In the later sixteenth century and into the seventeenth, many Nahua household complexes came to have what was often called a santocalli, a "saint-house," a separate building where the sacred images resided just as the family members had their own houses. The structure may well have a close connection to the preconquest altars located in the patio or special rooms. Of the original word there is only one trace left in the Valley corpus: Don Josef de la Cruz, from Tenango del Valle, mentions two images of saints with their santocalli. On the other hand, the term ichantzinco Dios, the expression used by María Hernández, is very frequent in the Toluca area; it literally means "the home of God," which Spanish translators uniformly rendered as oratorio, "oratory." In fact, the Nahuatl term is commonly used in the central barrios of Toluca and in San Juan Bautista and Santa Ana, very close to this core, and the actual Spanish loanword appears less often there, while it is the only word used in other parts of the Valley. In Tenango del Valle, for example, it is used by Salvadora Josefa, and also by a group of testators in Xilocingo and Xonacatlan. Only one testator, Andrés Nicolás, right in the heart of the Toluca area, uses both expressions together, and by saying that "the oratory, the precious revered house of our lord God" is to be the home of his daughter Felipa de la Cruz, he gives us a precious hint about the nature of this building.

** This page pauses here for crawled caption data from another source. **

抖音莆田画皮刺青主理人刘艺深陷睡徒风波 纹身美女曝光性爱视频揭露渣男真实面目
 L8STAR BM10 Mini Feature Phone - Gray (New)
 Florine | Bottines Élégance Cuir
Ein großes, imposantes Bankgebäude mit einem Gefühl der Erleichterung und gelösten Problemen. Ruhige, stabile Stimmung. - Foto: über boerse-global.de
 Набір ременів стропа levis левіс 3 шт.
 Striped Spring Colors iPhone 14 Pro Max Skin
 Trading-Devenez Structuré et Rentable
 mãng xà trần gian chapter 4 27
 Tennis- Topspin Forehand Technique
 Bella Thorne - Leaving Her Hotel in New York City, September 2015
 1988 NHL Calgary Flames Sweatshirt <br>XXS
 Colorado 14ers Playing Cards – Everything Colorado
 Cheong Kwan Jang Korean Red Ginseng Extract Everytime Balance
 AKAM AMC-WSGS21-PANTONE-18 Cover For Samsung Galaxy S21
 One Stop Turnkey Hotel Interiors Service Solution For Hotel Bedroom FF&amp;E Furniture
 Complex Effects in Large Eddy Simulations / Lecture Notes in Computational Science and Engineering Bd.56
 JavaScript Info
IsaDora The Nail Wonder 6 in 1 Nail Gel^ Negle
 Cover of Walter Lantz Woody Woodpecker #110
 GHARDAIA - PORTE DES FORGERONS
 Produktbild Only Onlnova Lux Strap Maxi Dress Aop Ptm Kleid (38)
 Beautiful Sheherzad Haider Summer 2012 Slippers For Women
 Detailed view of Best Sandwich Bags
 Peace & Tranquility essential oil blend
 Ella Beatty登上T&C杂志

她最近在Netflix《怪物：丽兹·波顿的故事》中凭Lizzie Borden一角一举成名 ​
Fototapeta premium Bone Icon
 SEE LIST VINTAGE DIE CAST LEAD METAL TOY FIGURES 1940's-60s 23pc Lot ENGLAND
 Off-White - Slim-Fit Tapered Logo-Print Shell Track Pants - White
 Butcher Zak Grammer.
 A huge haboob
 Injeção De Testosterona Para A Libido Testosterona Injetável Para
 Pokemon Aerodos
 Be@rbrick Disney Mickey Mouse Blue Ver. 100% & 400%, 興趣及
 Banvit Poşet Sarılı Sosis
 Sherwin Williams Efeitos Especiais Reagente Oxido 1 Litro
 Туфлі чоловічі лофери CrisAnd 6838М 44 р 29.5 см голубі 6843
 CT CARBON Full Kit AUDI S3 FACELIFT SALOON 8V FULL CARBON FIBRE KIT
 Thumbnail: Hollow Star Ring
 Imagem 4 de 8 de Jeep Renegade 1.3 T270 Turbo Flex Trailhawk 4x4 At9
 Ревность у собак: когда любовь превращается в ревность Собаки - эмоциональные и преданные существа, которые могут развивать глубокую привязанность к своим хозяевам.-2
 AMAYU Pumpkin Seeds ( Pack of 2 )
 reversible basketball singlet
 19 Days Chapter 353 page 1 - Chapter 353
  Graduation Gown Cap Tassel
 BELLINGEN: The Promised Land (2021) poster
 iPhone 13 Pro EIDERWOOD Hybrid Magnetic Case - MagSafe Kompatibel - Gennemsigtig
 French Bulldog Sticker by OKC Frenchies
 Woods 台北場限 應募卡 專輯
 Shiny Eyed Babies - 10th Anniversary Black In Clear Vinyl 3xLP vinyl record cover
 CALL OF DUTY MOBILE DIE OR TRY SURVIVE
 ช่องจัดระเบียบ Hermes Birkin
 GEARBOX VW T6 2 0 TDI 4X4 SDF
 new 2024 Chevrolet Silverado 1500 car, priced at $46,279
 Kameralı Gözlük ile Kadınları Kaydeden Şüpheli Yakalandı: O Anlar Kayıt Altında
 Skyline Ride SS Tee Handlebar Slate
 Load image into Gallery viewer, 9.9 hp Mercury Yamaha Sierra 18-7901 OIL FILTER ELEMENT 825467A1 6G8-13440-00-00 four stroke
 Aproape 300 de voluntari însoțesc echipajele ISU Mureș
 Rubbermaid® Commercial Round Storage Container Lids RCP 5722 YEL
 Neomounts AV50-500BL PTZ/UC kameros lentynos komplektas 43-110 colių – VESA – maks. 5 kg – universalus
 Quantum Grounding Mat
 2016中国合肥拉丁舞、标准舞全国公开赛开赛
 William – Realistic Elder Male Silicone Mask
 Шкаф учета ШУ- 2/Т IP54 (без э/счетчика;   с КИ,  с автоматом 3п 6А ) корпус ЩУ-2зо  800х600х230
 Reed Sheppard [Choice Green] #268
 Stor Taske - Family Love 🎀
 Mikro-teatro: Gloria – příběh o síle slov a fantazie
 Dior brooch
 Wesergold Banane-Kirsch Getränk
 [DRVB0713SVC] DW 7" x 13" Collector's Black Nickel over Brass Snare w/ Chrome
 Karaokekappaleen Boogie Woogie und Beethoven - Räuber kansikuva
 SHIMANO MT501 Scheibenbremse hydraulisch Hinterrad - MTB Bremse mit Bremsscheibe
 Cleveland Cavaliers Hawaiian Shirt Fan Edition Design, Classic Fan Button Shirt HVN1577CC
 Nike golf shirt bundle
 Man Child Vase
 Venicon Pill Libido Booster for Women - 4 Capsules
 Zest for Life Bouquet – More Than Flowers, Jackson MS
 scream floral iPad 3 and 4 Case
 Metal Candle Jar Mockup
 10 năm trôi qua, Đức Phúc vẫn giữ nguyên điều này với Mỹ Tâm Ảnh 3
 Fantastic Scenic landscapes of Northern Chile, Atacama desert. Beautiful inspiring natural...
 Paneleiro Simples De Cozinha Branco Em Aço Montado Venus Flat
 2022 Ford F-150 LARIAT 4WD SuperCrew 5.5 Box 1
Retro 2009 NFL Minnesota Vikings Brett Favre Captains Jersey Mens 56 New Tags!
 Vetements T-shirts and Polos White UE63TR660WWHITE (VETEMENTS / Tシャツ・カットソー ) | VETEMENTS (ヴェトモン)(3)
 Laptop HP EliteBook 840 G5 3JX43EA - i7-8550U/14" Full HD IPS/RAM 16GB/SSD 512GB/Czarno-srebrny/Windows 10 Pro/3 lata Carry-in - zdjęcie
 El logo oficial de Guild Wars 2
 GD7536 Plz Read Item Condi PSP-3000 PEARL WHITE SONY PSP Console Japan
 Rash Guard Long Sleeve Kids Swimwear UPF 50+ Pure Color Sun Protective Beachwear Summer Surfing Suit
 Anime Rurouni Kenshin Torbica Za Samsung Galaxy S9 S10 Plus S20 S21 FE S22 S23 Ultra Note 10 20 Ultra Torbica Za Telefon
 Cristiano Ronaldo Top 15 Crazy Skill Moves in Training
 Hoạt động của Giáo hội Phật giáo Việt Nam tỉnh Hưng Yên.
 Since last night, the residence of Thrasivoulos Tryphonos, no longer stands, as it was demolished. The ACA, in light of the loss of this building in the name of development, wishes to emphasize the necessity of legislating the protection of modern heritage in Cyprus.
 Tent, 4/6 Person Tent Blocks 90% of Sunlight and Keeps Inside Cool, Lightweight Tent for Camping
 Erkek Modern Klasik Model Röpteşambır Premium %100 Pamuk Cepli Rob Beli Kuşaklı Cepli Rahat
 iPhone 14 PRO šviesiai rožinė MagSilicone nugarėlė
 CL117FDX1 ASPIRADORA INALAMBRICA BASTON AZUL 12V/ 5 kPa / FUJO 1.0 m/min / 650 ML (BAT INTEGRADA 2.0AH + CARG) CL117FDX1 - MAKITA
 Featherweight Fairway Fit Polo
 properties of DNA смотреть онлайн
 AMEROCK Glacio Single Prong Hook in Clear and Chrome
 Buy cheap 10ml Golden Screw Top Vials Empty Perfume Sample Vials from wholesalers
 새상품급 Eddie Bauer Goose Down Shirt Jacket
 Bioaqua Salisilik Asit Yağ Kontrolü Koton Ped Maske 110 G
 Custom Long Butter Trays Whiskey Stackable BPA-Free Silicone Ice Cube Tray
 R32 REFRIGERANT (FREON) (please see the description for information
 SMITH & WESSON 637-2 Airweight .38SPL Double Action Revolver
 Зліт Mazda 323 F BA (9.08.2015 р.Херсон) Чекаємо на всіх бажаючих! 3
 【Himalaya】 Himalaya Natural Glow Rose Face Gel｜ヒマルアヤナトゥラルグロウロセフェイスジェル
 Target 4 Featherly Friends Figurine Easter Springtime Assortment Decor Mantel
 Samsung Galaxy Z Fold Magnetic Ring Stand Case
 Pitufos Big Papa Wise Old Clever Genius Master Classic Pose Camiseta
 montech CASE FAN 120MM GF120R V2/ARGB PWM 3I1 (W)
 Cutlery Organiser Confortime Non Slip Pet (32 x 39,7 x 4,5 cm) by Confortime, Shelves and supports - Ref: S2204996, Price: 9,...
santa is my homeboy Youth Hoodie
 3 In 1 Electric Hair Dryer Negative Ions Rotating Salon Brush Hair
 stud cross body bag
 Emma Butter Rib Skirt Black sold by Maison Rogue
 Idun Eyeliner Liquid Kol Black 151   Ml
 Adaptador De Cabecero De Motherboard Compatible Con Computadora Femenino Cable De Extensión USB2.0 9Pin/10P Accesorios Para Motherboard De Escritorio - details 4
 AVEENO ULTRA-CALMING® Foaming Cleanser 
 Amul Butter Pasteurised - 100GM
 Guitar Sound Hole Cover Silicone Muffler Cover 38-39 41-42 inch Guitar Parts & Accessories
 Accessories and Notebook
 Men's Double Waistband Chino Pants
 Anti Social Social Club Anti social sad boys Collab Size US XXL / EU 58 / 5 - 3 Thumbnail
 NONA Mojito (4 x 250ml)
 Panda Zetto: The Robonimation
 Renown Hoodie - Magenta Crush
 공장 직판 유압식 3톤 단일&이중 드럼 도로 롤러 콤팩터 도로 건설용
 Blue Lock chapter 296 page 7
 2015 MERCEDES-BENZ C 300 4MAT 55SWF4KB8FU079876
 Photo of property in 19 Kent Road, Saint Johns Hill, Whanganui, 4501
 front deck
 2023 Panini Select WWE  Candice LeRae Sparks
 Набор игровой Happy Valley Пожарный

The word oratory seems to imply some change in the direction of Spanish notions; an oratorio was, by the meaning of the word at least, a place to pray, which corresponded in fact to a specific room within the houses of elite and relatively wealthy Spanish people in New Spain. The change apparently went beyond the manner of naming the building holding the saints. Indeed, in many of the complexes of the Toluca corpus only two elements are mentioned, the ichantzinco Dios or oratory, and a kitchen (to be discussed in the following pages), but no residential building. On the face of it, it would seem that these people have no place to live at all. The only likely solution is that the ichantzinco Dios was not merely an oratory, but a main residence, which also contained an altar or altars with the saints' images. Now what Andrés Nicolás meant by the oratory being the home of his daughter becomes more comprehensible, and is corroborated by information found in a lawsuit in Spanish from 1755 concerning adultery in Santa Ana, very close to Toluca. Ambrosio Hipólito reports that one night at around a quarter past eight he was in the kitchen warming up, while his wife and children were sleeping in the oratory, when he saw his wife's lover entering it; aside from the upheaval that such a sight must have caused, this detail effectively shows how the term referred to the residential building.

It is quite difficult to compare the late-period indigenous house that is emerging through the Toluca documents with the Spanish dwellings of the same period, especially because studies of the latter deal mainly with the urban setting. However, some interesting conclusions may be drawn in terms of possible influences. Unsurprisingly, Spanish residential patterns were varied, but from the opulent two-story house to the simple two-room accesoria of the artisan, the basic principle of what I would call a "compact residence" seems to apply. The members of the household were living together in the same building, if wealthy with separate bedrooms, of course, but all sharing one building and the service rooms (kitchen, oratory, bathroom, and the like), when available. In addition, rooms were often directly connected, with doors between them. And residences were usually multifamily, in the sense that a building contained various rooms on various levels, occupied by different households according to their degree of wealth or, better said, poverty. Thus sharing space with nonkin individuals was normal. Patios were definitely important, coming from the Andalusian and Castilian tradition, and they were closed spaces, with the house being built all around them, in a rather different fashion from the open patio of the Mesoamerican pattern, with the exception, perhaps, of the complex residences of the ancient cities. If we compare this with the early-period indigenous structure of a few separate buildings, each with a single independent door onto the patio and each for a nuclear family, the difference is quite striking. So, what does the Toluca Valley a century later tell us in this context? From the mention of only one residential building in which the whole family was living (apart from some special buildings that we will consider shortly), it would seem likely that the Nahua household complex had moved in the direction of the Spanish pattern of residence: from separate buildings around a patio for each couple, to a single main residential building for everyone in the family, including the saints (see Figure 1.1). Could it be that this transformation was happening only in this area by this time? I suspect not, although only research on other regions can provide certainty.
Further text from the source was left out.